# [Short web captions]
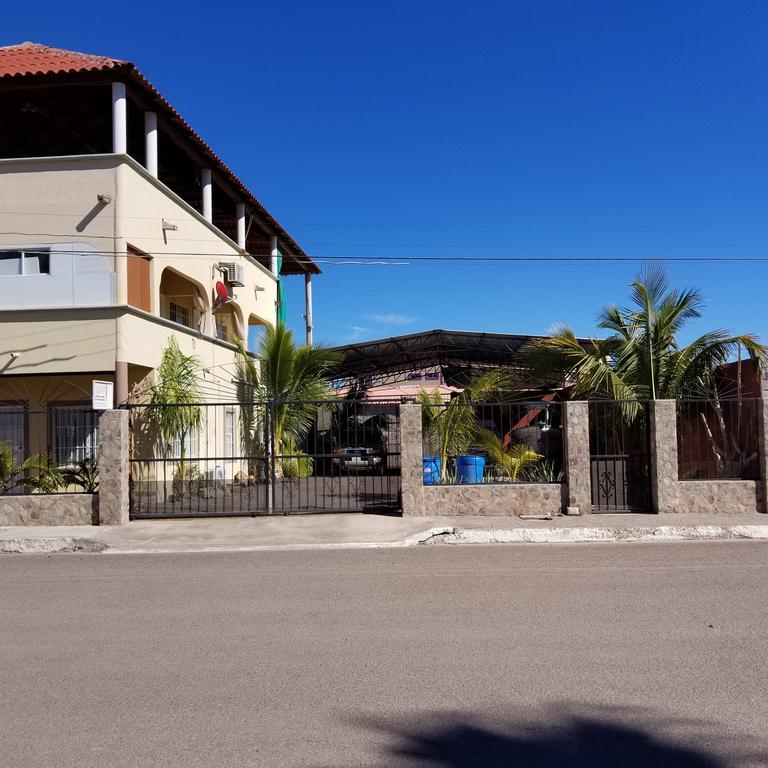 Punta Esmeralda gallery 14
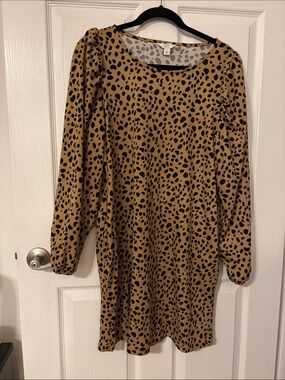 crown & ivy Tan and Black Leopard Print Long Sleeve Shift Dress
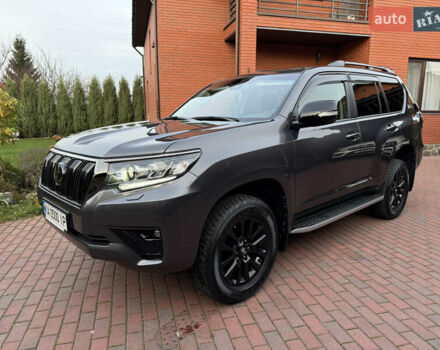 Серый Тойота Ленд Крузер Прадо, объемом двигателя 3.96 л и пробегом 18 тыс. км за 55999 $, фото 1 на Automoto.ua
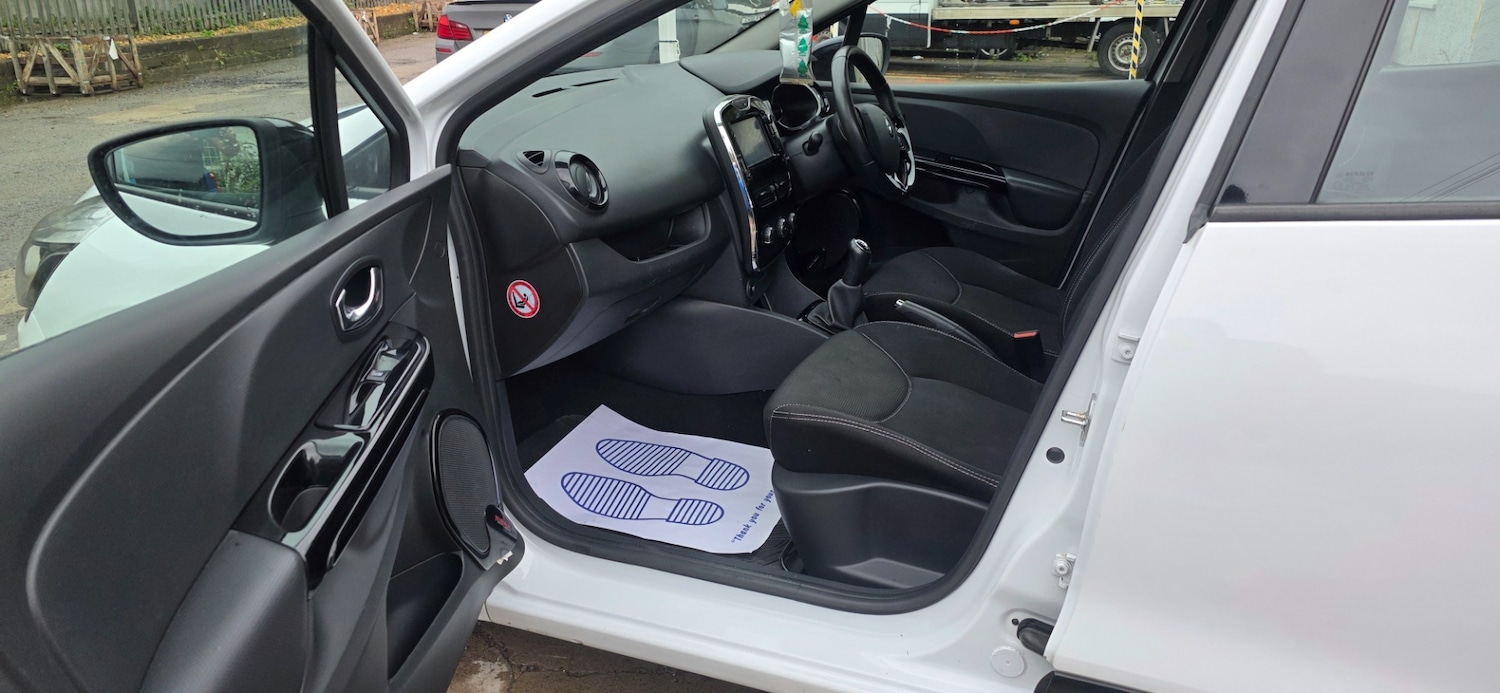 Used Renault Clio 2014 for sale - 76179102: Photo 14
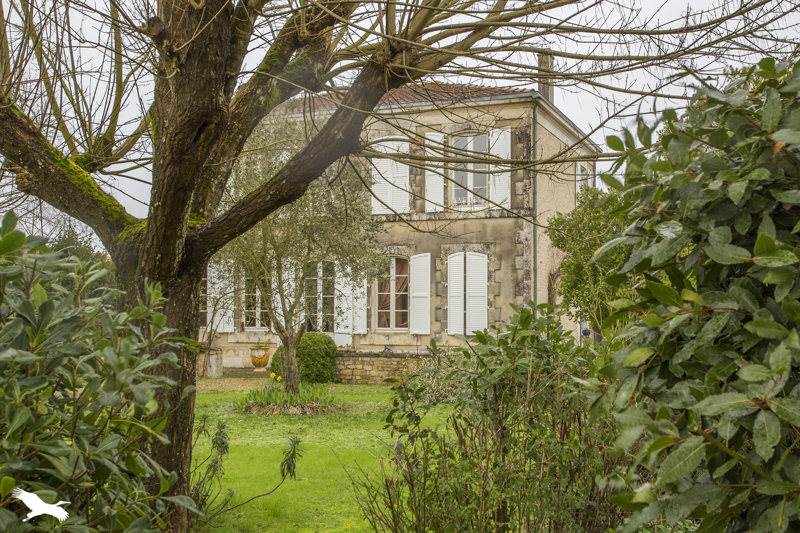 Vente Maison MARANS - 8 pièces -255 m² - (17230)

# [Work instructions]
Retype the records in full. Do not carry over the images.

# [Solution below]
 Punta Esmeralda gallery 14
 crown & ivy Tan and Black Leopard Print Long Sleeve Shift Dress
 Серый Тойота Ленд Крузер Прадо, объемом двигателя 3.96 л и пробегом 18 тыс. км за 55999 $, фото 1 на Automoto.ua
 Used Renault Clio 2014 for sale - 76179102: Photo 14
 Vente Maison MARANS - 8 pièces -255 m² - (17230)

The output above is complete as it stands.